▶ Problem
Among the entries below, retype exactly the lines starting with the one with "Allen-Bradley ControlLogix AC" and going on through the one with "Íman Yorkie Free Kittens (Frente)", but not the pictures.

▶ Given data
------------------------------------

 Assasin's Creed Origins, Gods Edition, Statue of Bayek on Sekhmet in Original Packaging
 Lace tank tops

------------------------------------

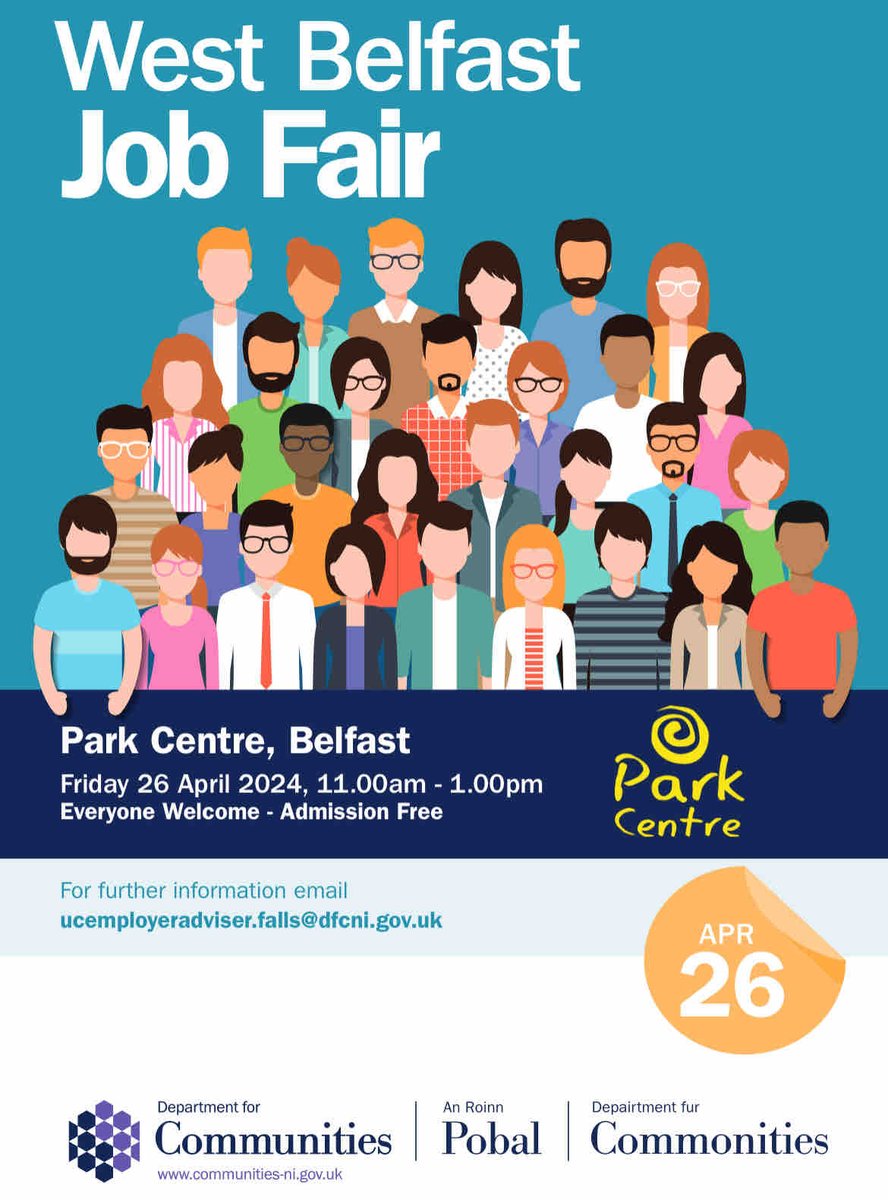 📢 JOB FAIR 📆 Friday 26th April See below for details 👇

------------------------------------

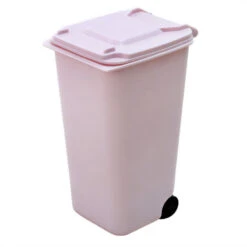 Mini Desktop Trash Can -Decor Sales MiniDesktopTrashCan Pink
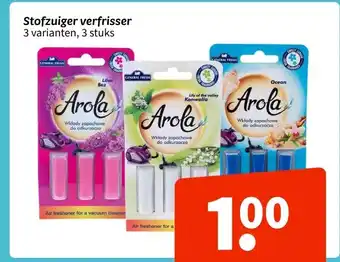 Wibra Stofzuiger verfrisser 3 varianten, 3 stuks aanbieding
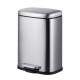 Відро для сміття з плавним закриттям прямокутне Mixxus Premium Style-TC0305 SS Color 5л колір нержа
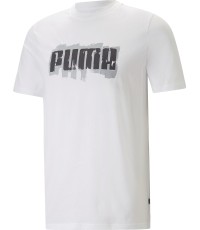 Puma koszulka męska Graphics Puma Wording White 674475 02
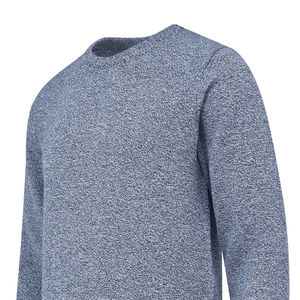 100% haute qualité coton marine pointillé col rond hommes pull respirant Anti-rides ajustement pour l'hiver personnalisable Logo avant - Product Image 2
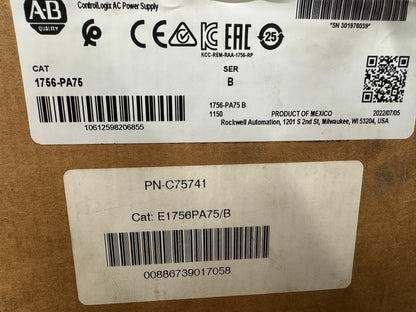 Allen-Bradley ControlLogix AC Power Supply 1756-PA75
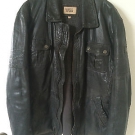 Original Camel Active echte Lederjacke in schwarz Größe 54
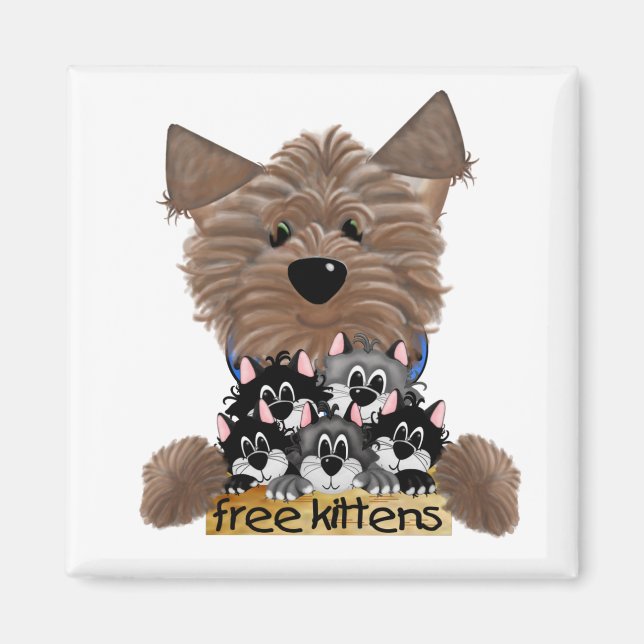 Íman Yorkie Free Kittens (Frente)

------------------------------------

▶ Output for this task
 Allen-Bradley ControlLogix AC Power Supply 1756-PA75
 Original Camel Active echte Lederjacke in schwarz Größe 54
 Íman Yorkie Free Kittens (Frente)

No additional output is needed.